GSOC Students, Please focus on your application. Restrictions on Developer Team access on GitHub

Dear GSOC students,

Many of you have become active in our community during the last three months. You have done this to learn more about the Plone Software stack and our development process, so that you can prepare your application for one of our GSOC 2023 Proposals.

Please be aware that becoming an active member of the community and participating in the current development activity is not a requirement and also will not influence or increase your chance to be selected for one of the proposals. The mentors in our community will evaluate the proposals and judge their quality and viability alone.

Getting to know Plone a bit is essential for writing a good application/proposal, but you have to realise that we are a volunteer organisation and we cannot support every one of you with every question that you might have about Plone or the proposals. Community members have day jobs and provide their limited free time to Plone.

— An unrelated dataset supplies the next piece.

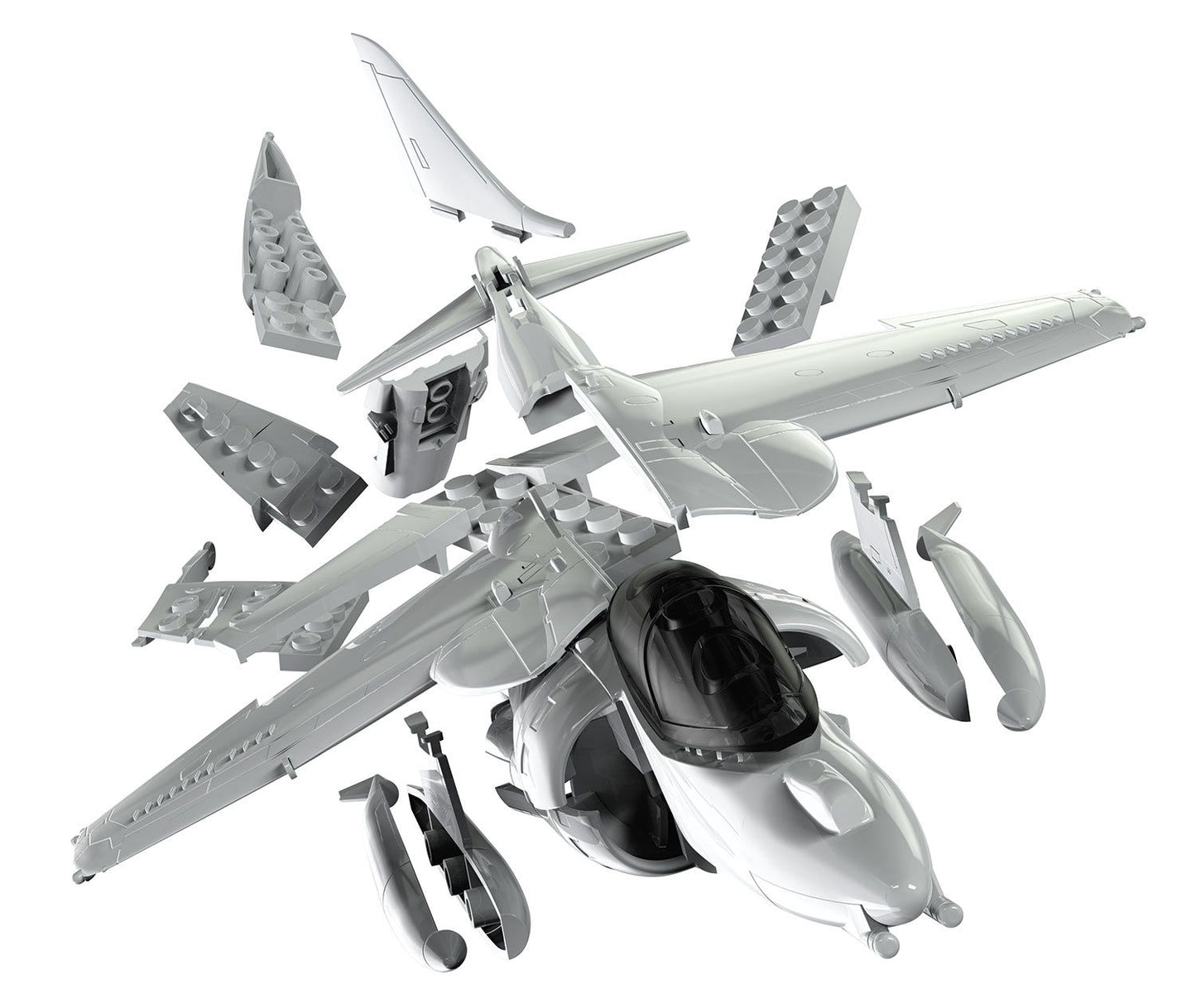 Airfix Quickbuild - Harrier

Part of our development process is that we need Contributor Agreements from every person who wants to help us with code, documentation or other contributions, before we can merge it. Applying for, and getting your contributor agreement accepted, does however not mean that you should start using that 'permission' and start editing existing issues and PLIP's (Plone Improvement Proposals). Or create PR's (Pull requests) with your implementation without consulting first with other Developers. They have already been working on Plone for many years. The first solutions that come to your mind after evaluating our code for a week is often not the best solution. We need consensus on many decisions, which takes time, effort, skill and communication between members.

The last few weeks a minority of students who have been granted Developer team membership on GitHub have started abusing the permissions they received on our repositories, have edited existing comments, PLIP's, and already created PR's. This is likely not because of bad intentions, but you have to realise we are a volunteer organisation, we cannot handle this amount of input.

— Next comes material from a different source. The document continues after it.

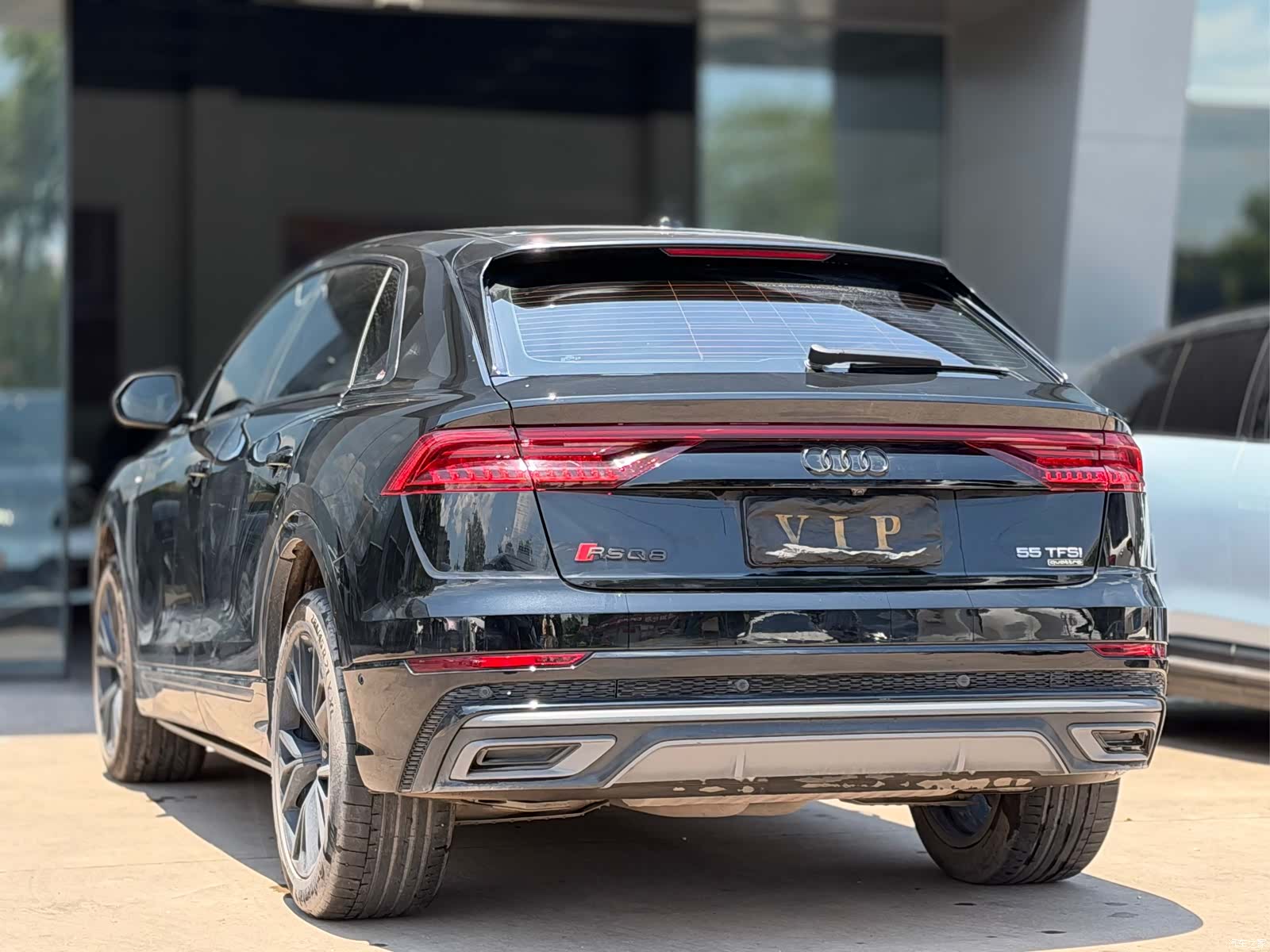 Audi Q8, 2024 все фото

Receiving 'Developer' access to our code base and repositories on GitHub is based on the implicit trust that you treat other Developers and GSOC mentors with respect, both in text and communication. And also respect their limited time that they make available to our project and cause. If you don't receive an answer from a Team Lead, other developer or Release Manager, it is considered impolite to start pinging them in comments every day for an answer. Pinging 4 or 5 other developers because you didn't get an answer is considered rude as well. Don't ask to get issues assigned to you to 'prove' that you are actively participating. It will not increase your chance of getting selected into GSOC 2023.

As the System Administration and Infrastructure team lead I have contacted a number of other senior members this morning and we have decided to move new members that have received full access recently based on their Contributor Agreement to a new 'Contributors' Team. Also we have removed them from the 'Developers' Team on GitHub for now.

As a Contributor you can create issues, and respond to issues. And your code can get merged.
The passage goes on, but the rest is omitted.